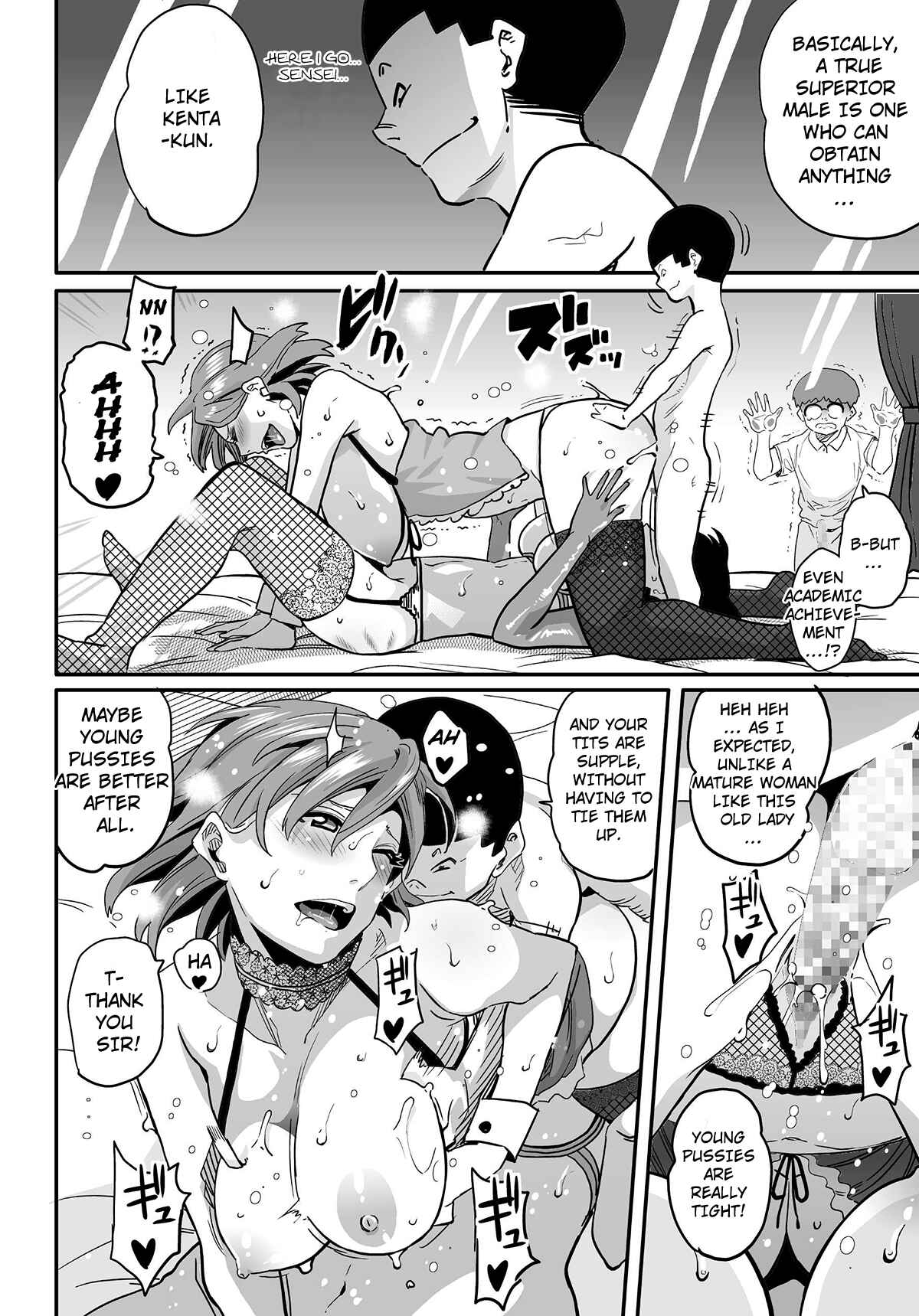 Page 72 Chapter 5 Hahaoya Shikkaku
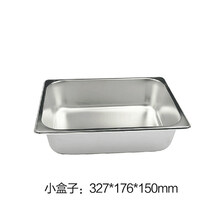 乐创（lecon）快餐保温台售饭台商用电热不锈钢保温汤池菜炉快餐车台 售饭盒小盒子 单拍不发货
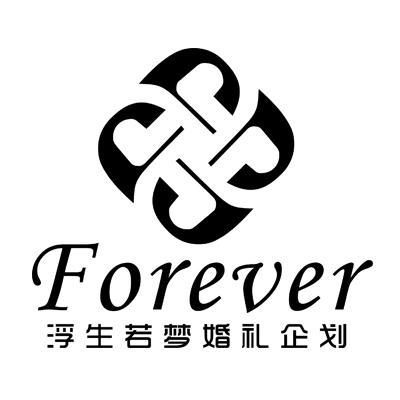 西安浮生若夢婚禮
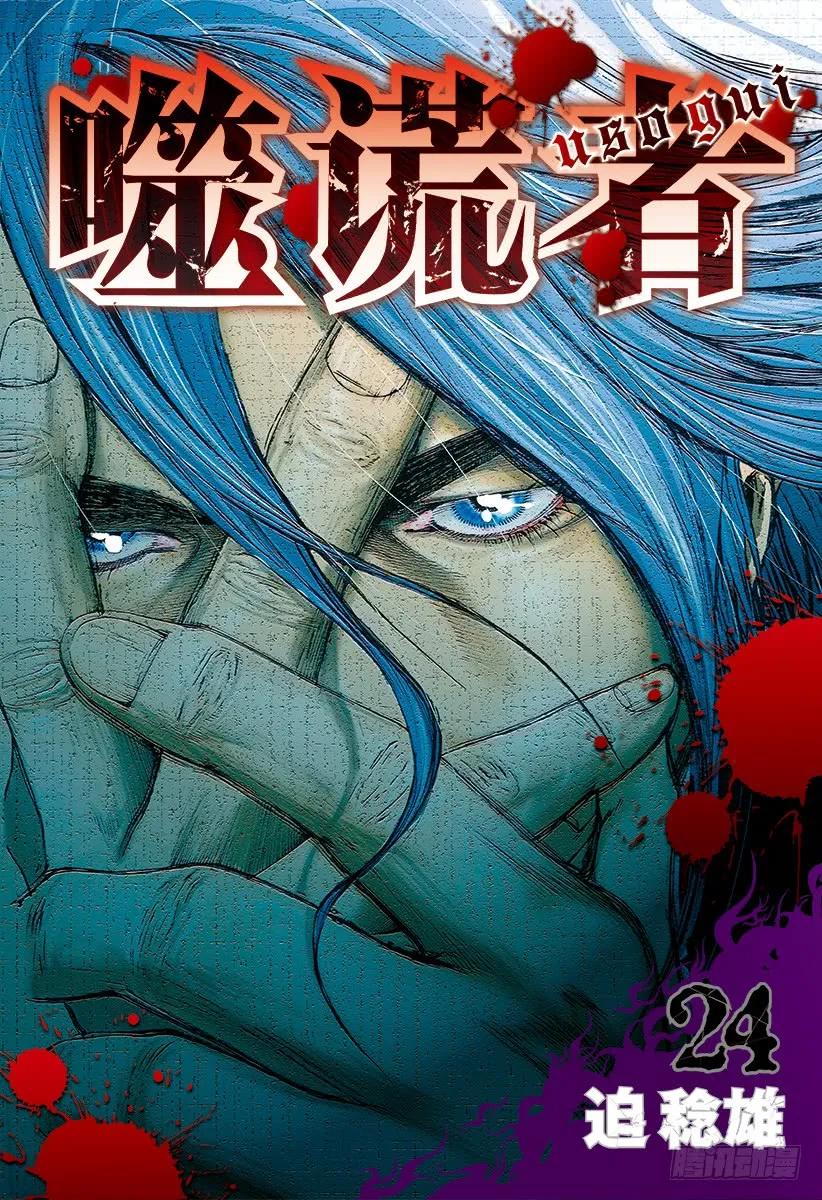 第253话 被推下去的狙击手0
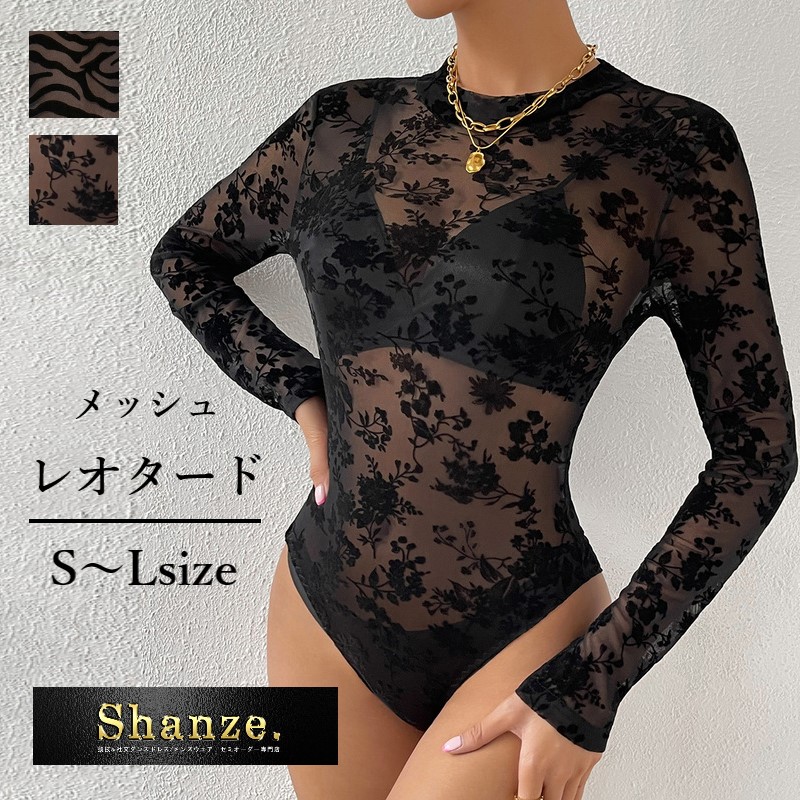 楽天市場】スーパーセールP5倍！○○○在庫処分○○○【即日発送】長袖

************

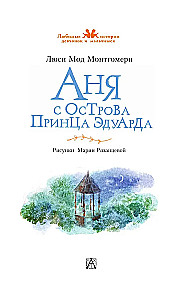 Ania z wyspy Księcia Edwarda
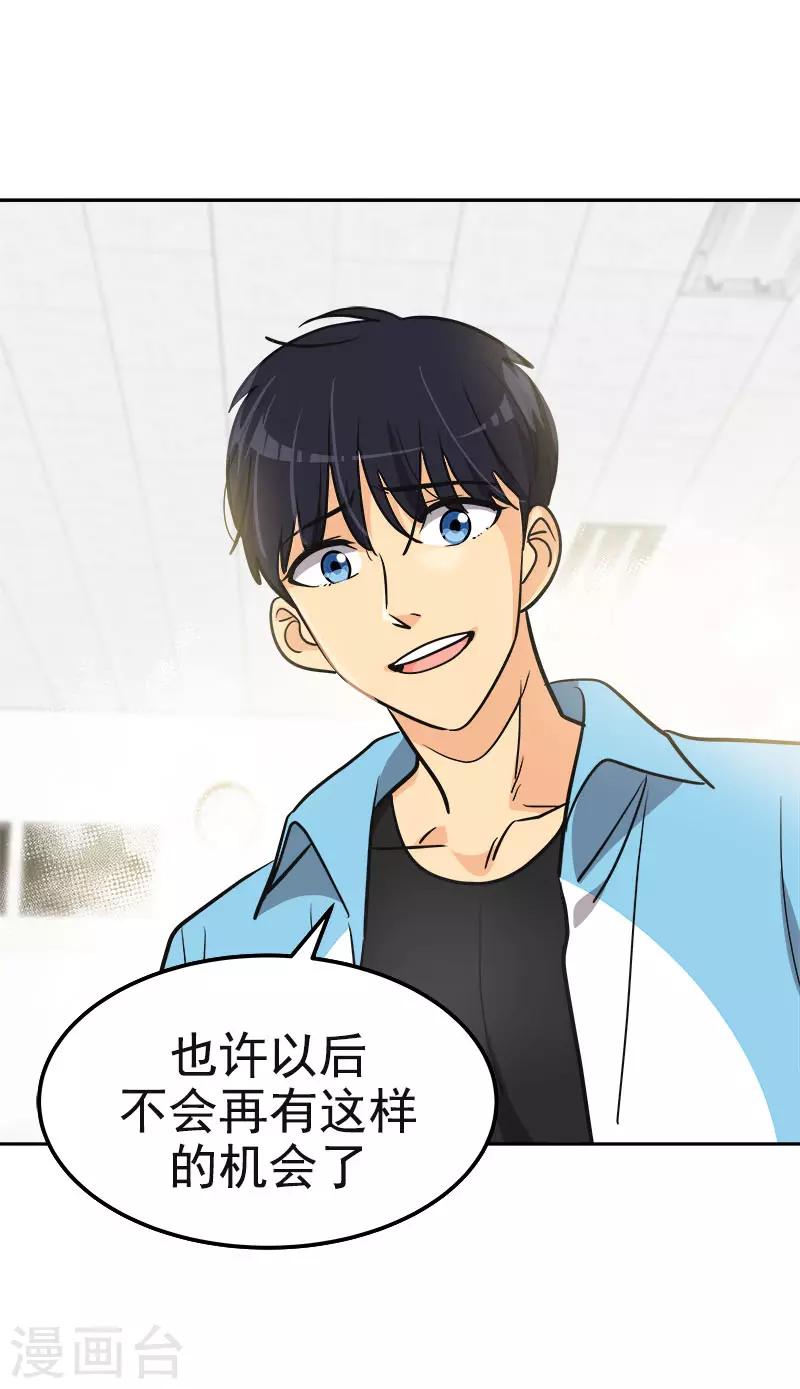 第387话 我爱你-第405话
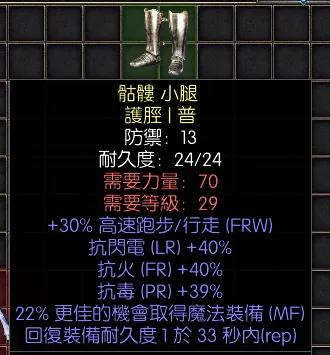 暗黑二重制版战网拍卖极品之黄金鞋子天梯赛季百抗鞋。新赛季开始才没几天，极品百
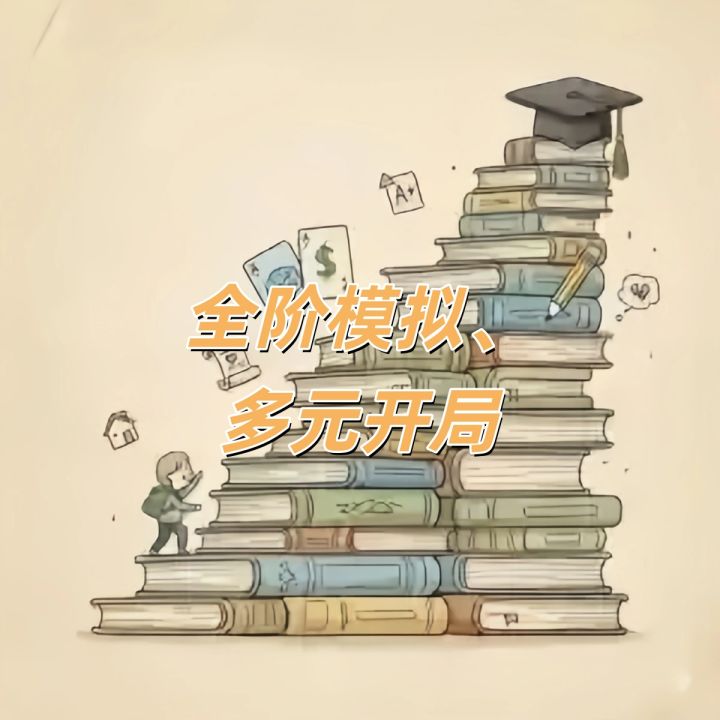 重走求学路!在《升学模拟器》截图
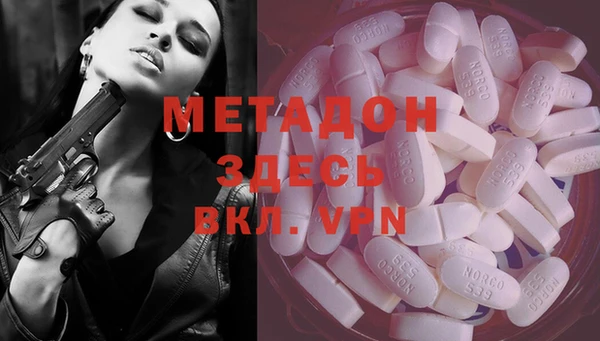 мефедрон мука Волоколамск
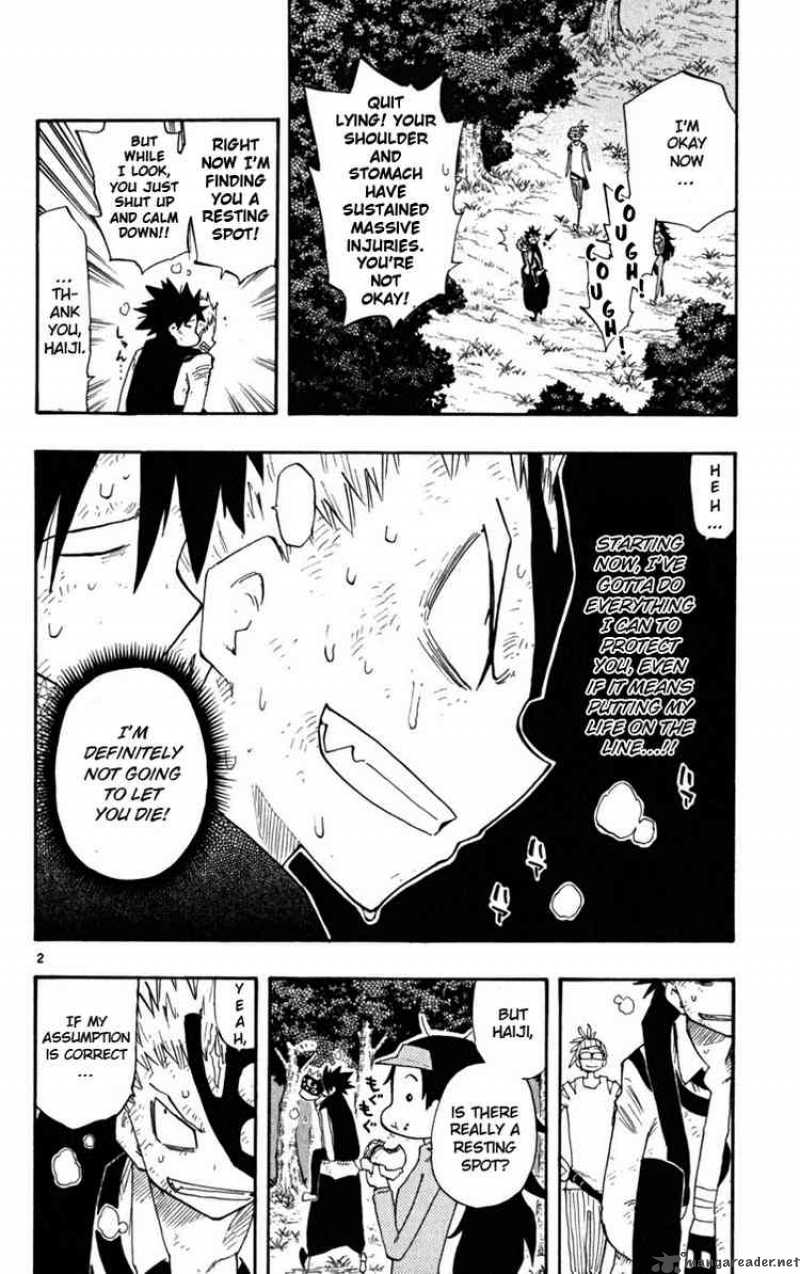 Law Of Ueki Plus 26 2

************

▶ **TASK GOAL**:
Above are some entries; copy exactly the lines from the line with "暗黑二重制版战网拍卖极品之黄金鞋子天梯赛季百抗鞋。新赛季开始才没几天，极品百" through the line with "Law Of Ueki Plus 26 2", both included, but none of the pictures.

▶ **ANSWER TO THIS EXERCISE**:
 暗黑二重制版战网拍卖极品之黄金鞋子天梯赛季百抗鞋。新赛季开始才没几天，极品百
 重走求学路!在《升学模拟器》截图
 мефедрон мука Волоколамск
 Law Of Ueki Plus 26 2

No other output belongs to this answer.